**DATA PROVIDED:**
────────

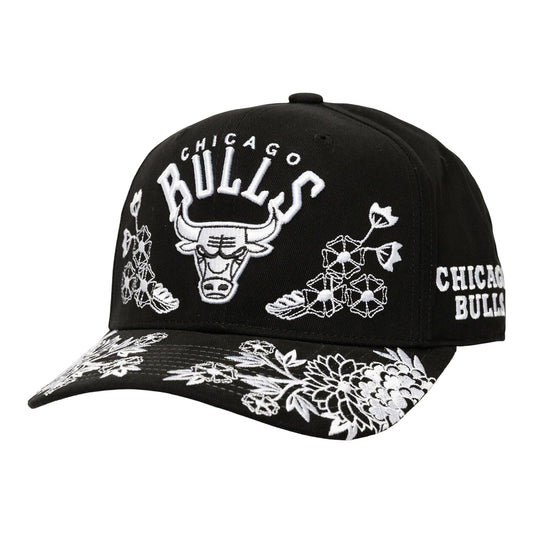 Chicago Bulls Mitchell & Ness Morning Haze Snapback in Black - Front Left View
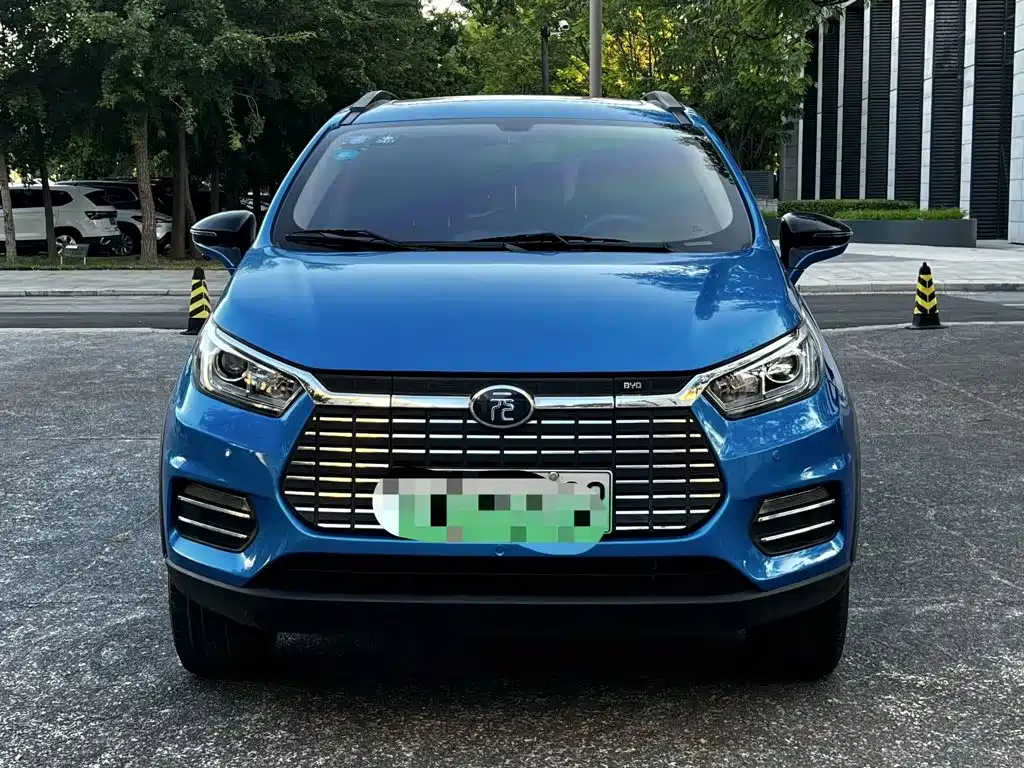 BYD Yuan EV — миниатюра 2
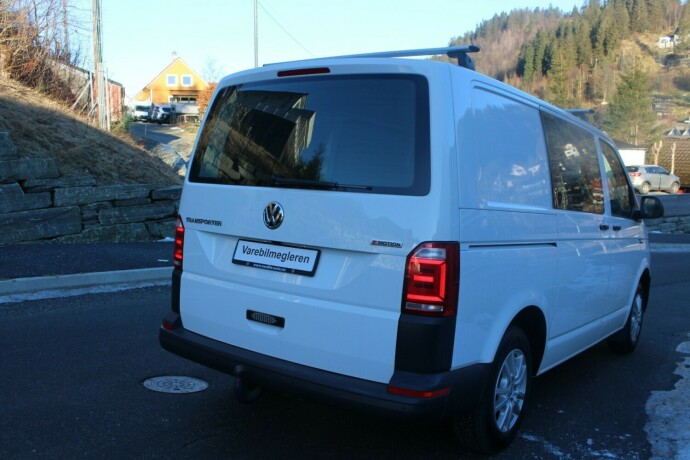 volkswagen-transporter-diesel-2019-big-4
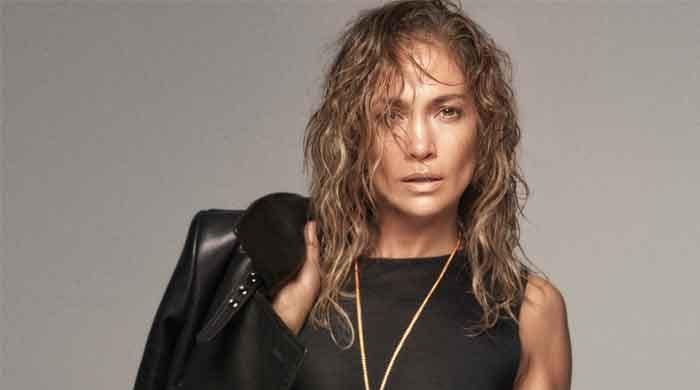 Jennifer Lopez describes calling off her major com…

────────

Make an exact printout of the listing above, omitting the images.

 Chicago Bulls Mitchell & Ness Morning Haze Snapback in Black - Front Left View
 BYD Yuan EV — миниатюра 2
 volkswagen-transporter-diesel-2019-big-4
 Jennifer Lopez describes calling off her major com…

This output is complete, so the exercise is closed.